Sebuah gang sempit di Penjaringan, Jakarta Utara, menjadi ruang latihan akrobatik dadakan pada Rabu (8/1).
Tanpa matras profesional atau fasilitas mewah, anak-anak berlatih salto dan tendangan dibawah bimbingan Yoga Ardian, yang merupakan pendiri komunitas Indosalto.
Indosalto lahir di masa pandemi COVID-19, ketika aktivitas Yoga sebagai pelatih terhenti.

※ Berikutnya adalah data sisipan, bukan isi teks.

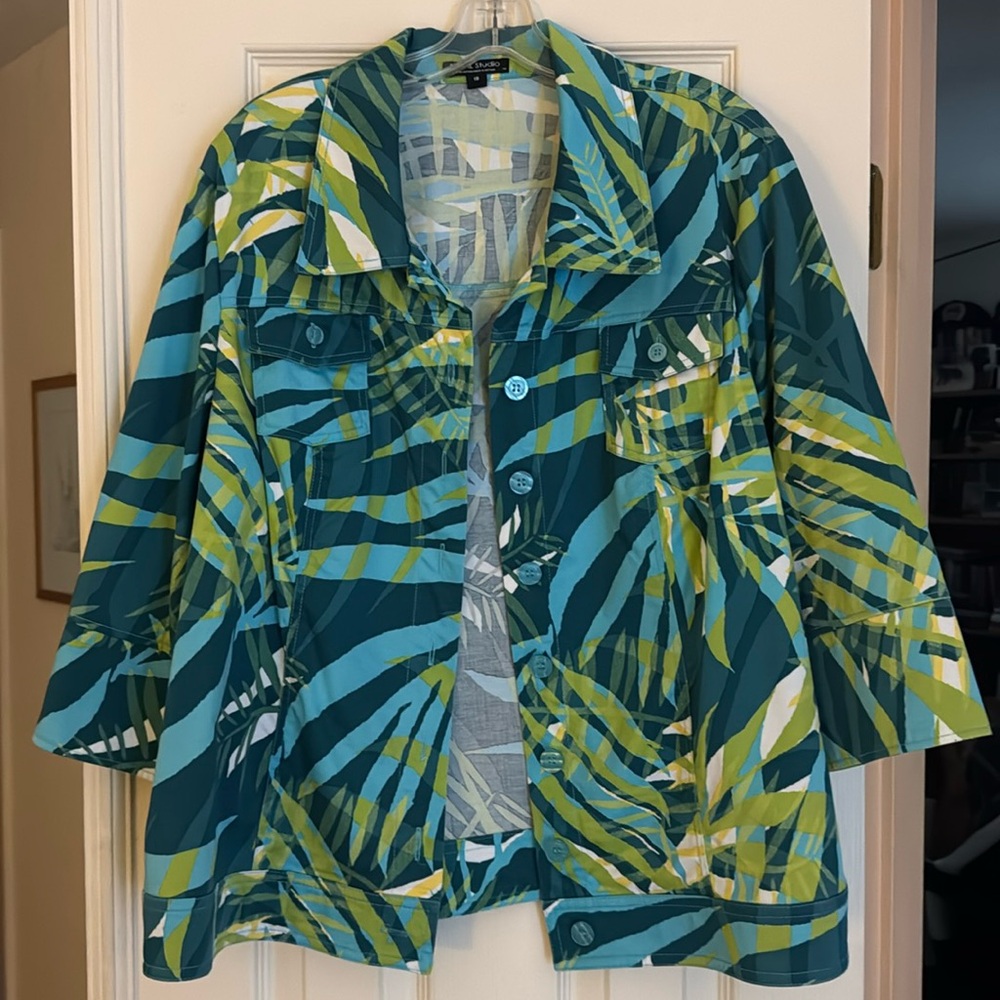 Beautiful like new, light weight tropical jacket by Tribal Studio, size 18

Ia tetap berlatih sendiri di rumah, hingga menarik perhatian anak-anak sekitar.
Rasa penasaran membuat anak-anak di lingkungan itu ikut mencoba. Dari satu anak, jumlahnya terus bertambah, membentuk komunitas kecil yang tumbuh secara alami.
Dengan peralatan seadanya dan ruang terbatas, Yoga merancang latihan yang aman dan bertahap.
Dalam waktu singkat, anak-anak yang awalnya hanya menonton mulai mampu melakukan berbagai gerakan akrobatik. Latihan ini tidak hanya sekadar latihan fisik, namun juga untuk menumbuhkan rasa percaya diri.
Yoga tak menargetkan mereka menjadi atlet, namun ingin membuka kemungkinan baru lewat keterampilan. Di gang sempit itu, Indosalto menjadi bukti bahwa keterbatasan ruang tak pernah membatasi mimpi.